__Requirement__. The copy you return must match the listing word for word and carry no pictures.

__Collected material__.
--

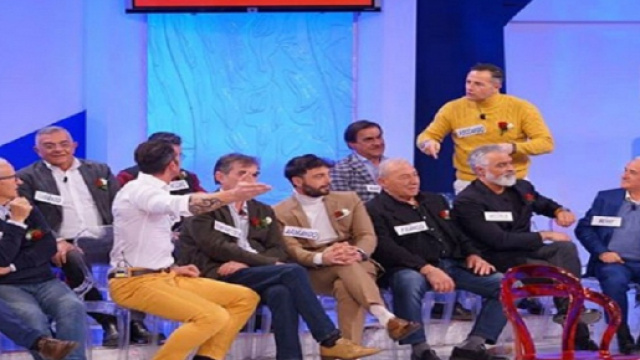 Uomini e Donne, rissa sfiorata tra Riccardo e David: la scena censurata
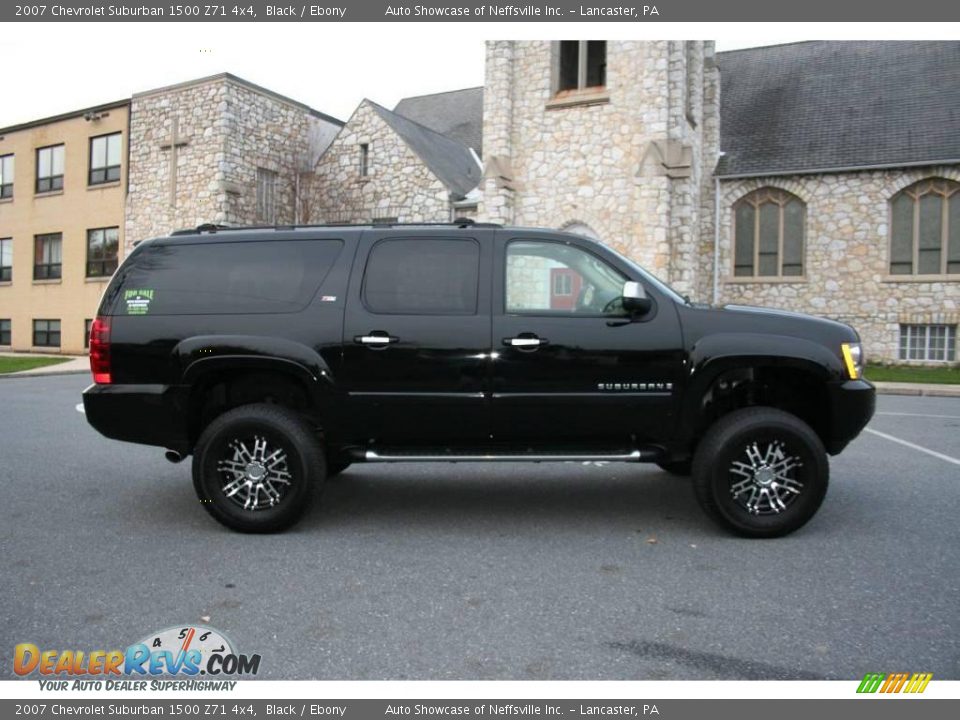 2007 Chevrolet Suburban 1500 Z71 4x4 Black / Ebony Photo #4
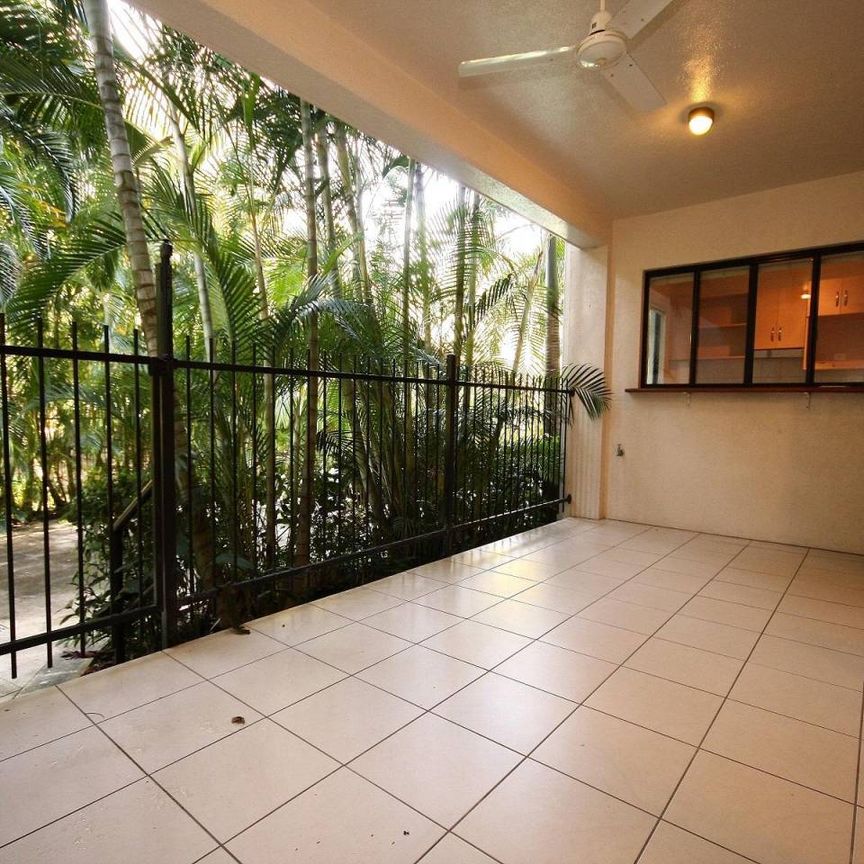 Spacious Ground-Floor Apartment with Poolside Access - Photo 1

--

__Expected answer__.
 Uomini e Donne, rissa sfiorata tra Riccardo e David: la scena censurata
 2007 Chevrolet Suburban 1500 Z71 4x4 Black / Ebony Photo #4
 Spacious Ground-Floor Apartment with Poolside Access - Photo 1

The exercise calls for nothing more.